_Work instruction_: Starting at the line that contains "Коричневый Hyundai Santa" and stopping after the line that contains "خودرو پژو، 206 آگهی ann_20056426", transcribe the listing below exactly; do not include any pictures.

_Extracted records_:
------------------------------------------------------------
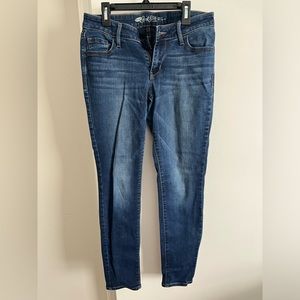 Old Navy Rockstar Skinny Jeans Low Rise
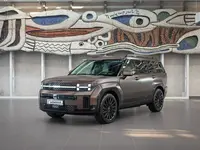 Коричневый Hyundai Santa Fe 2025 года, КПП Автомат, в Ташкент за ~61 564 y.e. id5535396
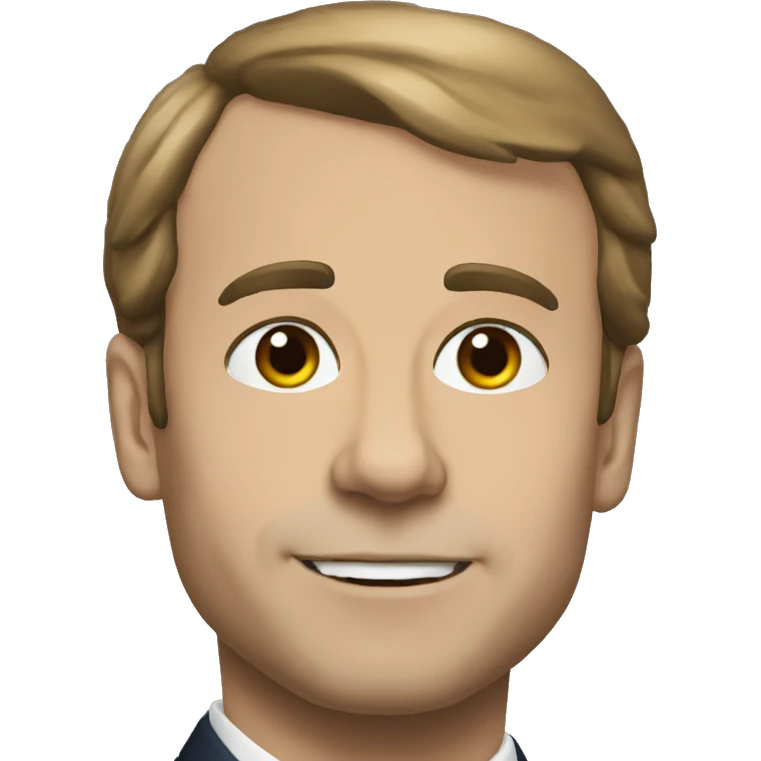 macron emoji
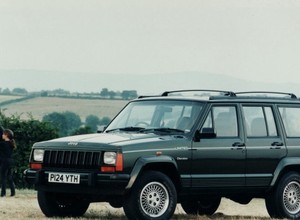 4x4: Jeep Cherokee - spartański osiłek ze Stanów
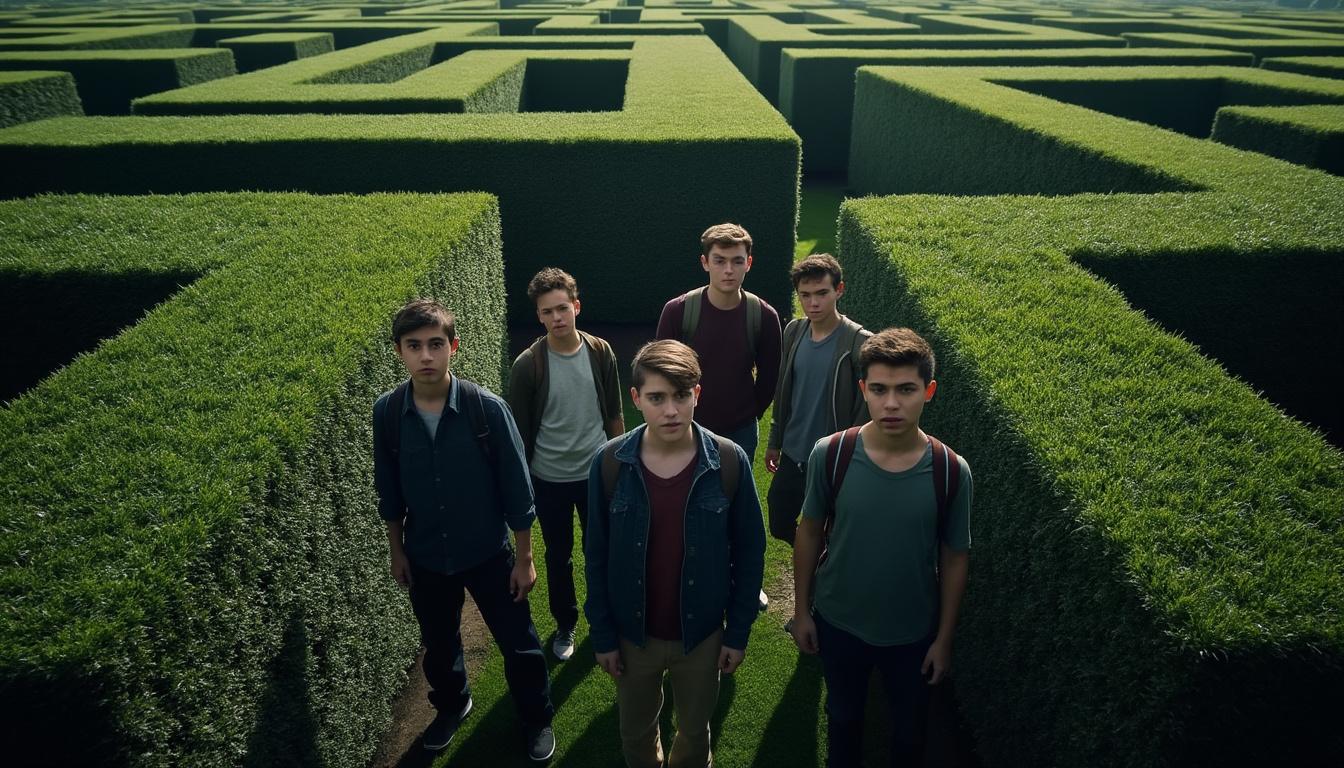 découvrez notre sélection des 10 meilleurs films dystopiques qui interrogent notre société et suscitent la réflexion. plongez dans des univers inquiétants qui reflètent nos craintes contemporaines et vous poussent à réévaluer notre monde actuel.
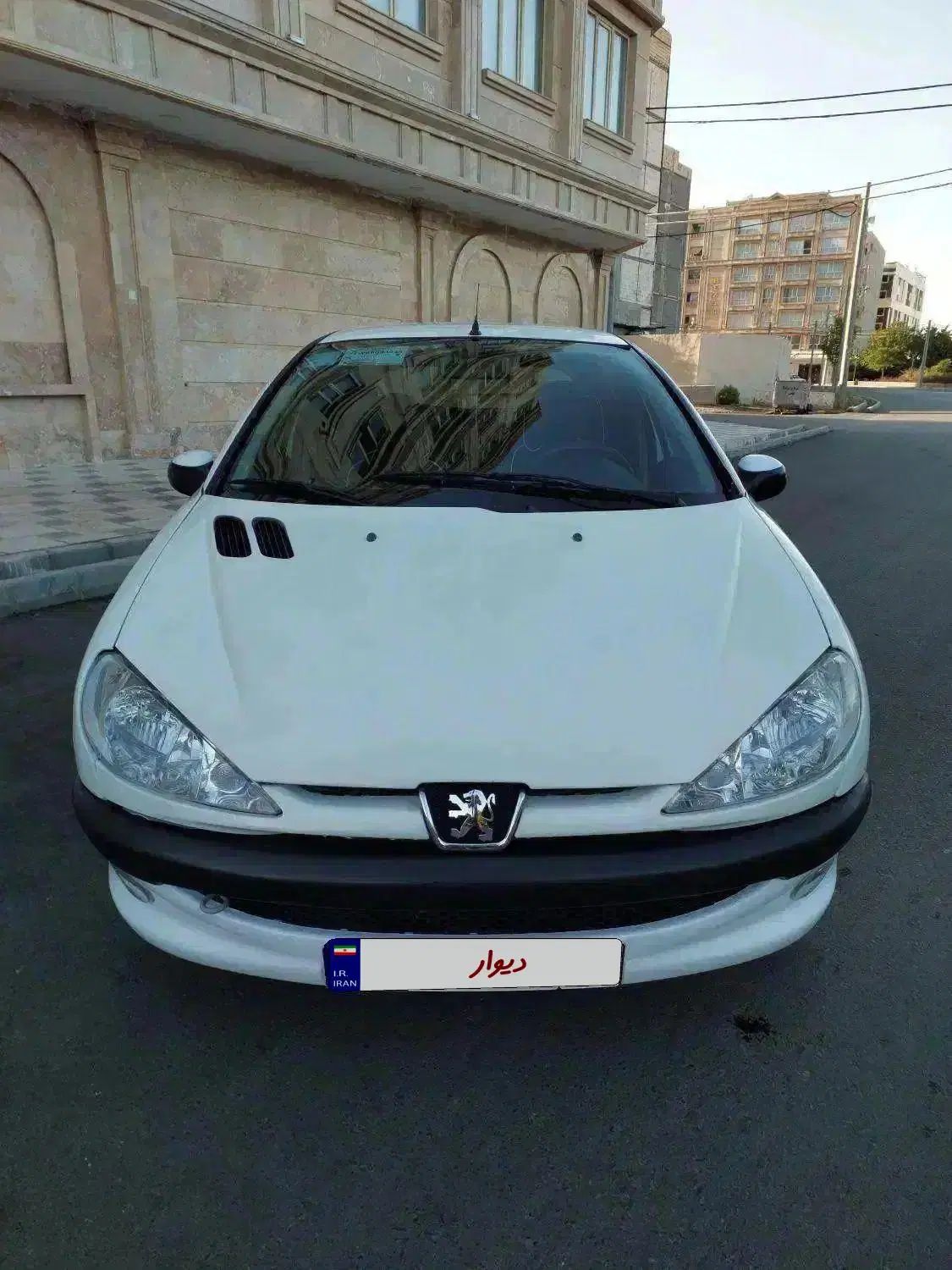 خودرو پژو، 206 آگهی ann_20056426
------------------------------------------------------------
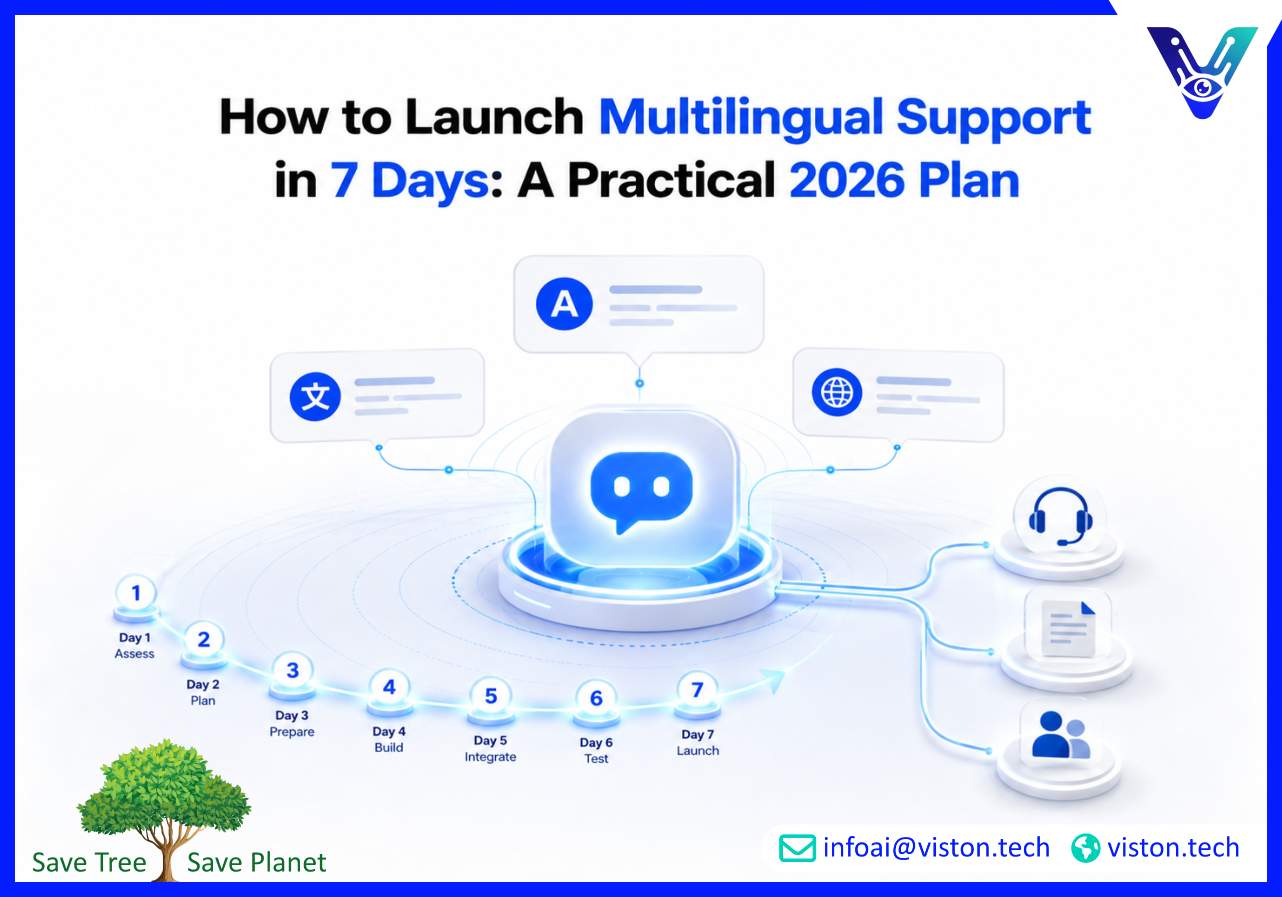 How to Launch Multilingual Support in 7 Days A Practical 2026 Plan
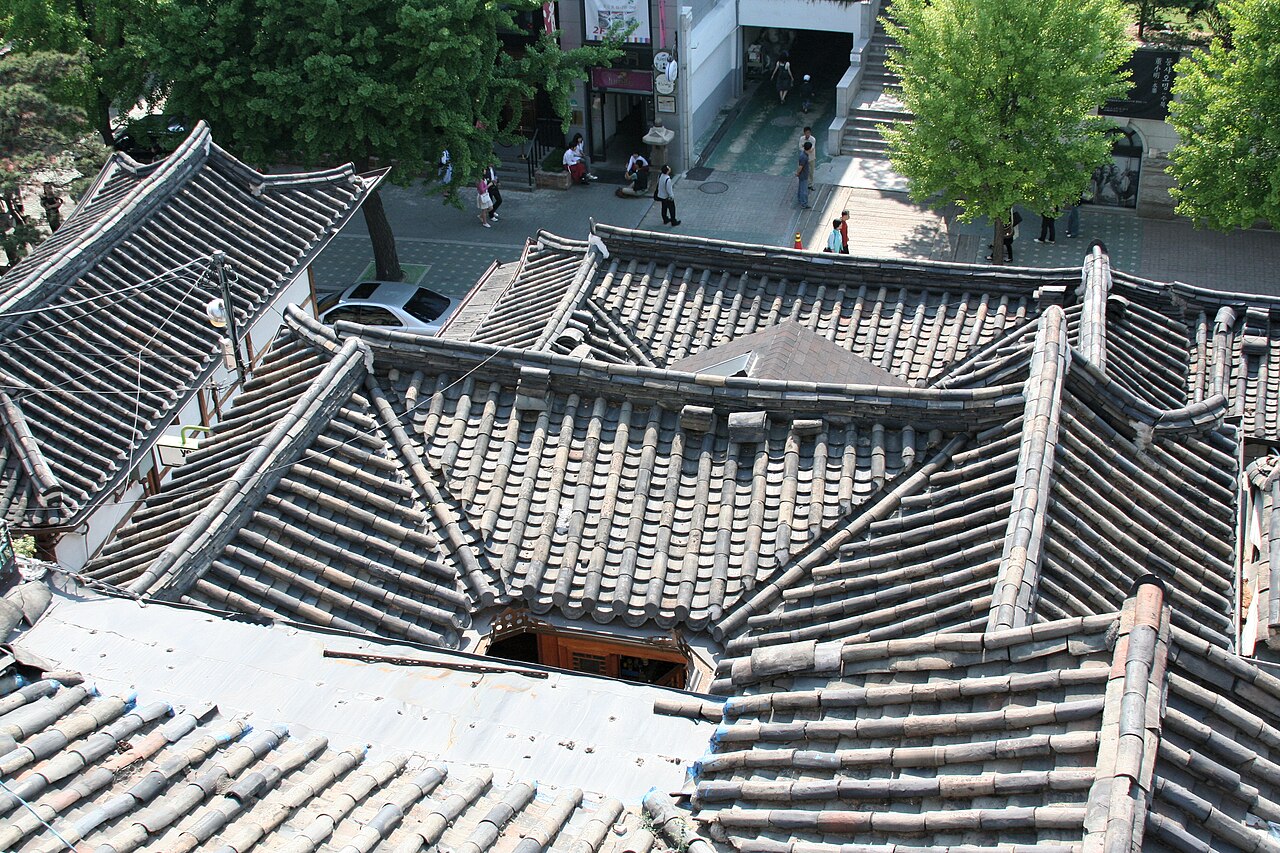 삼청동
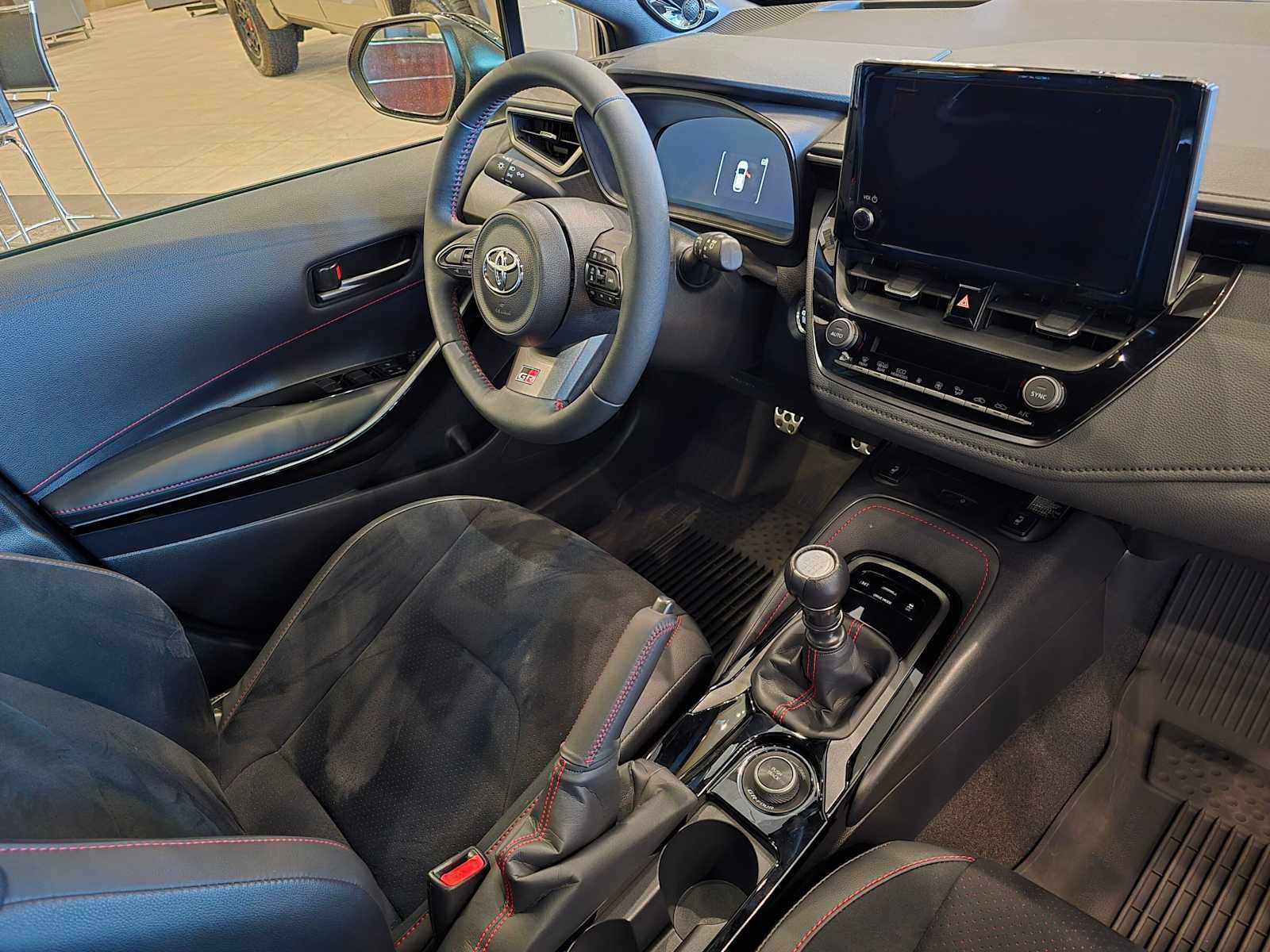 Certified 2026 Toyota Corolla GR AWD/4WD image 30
------------------------------------------------------------
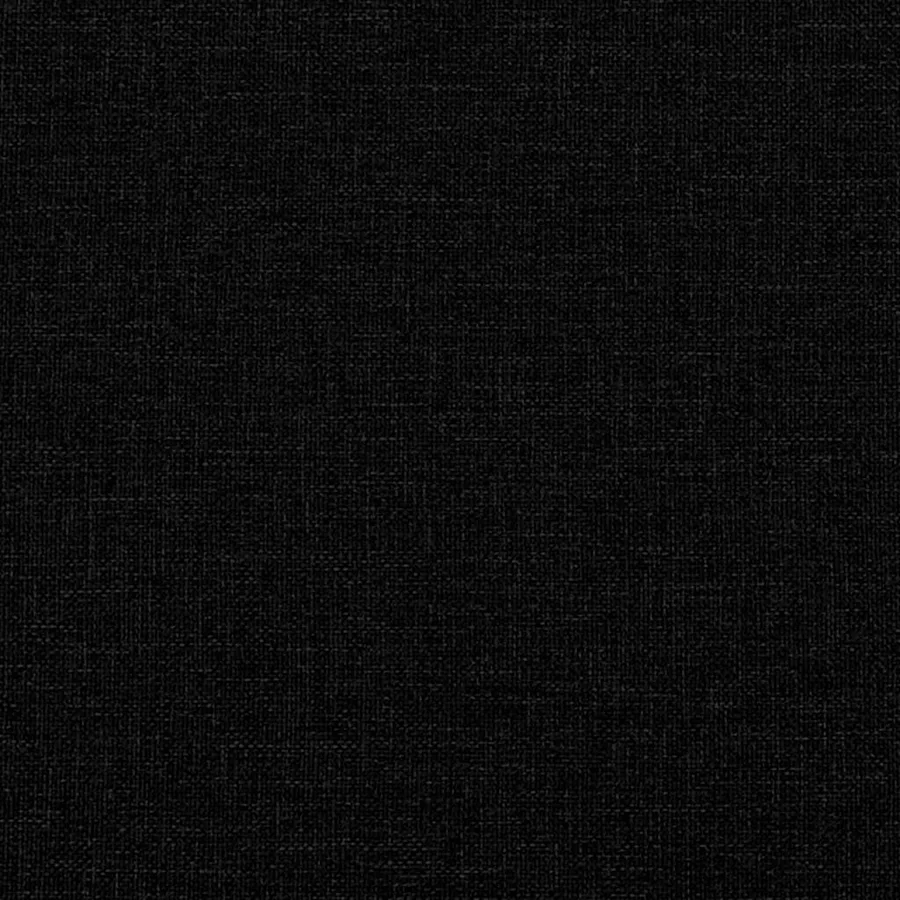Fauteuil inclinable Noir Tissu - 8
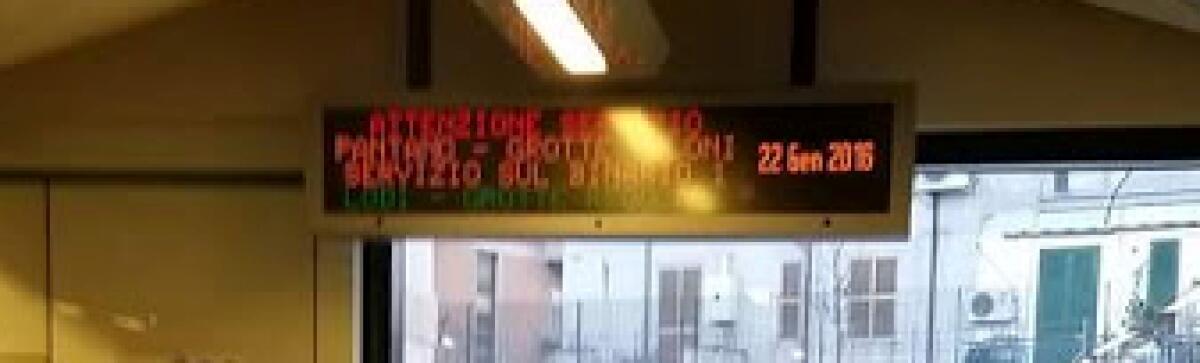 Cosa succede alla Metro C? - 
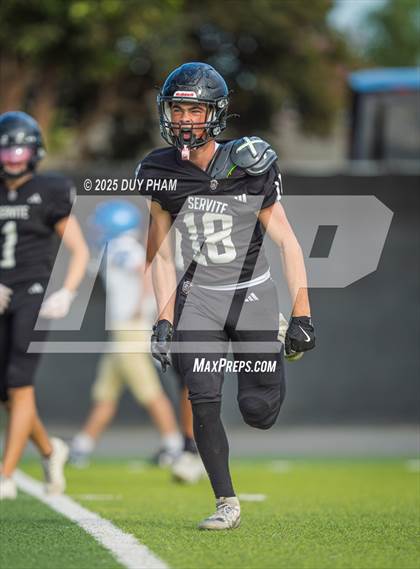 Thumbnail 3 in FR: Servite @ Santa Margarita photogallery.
------------------------------------------------------------
_Exercise solution_:
 Коричневый Hyundai Santa Fe 2025 года, КПП Автомат, в Ташкент за ~61 564 y.e. id5535396
 macron emoji
 4x4: Jeep Cherokee - spartański osiłek ze Stanów
 découvrez notre sélection des 10 meilleurs films dystopiques qui interrogent notre société et suscitent la réflexion. plongez dans des univers inquiétants qui reflètent nos craintes contemporaines et vous poussent à réévaluer notre monde actuel.
 خودرو پژو، 206 آگهی ann_20056426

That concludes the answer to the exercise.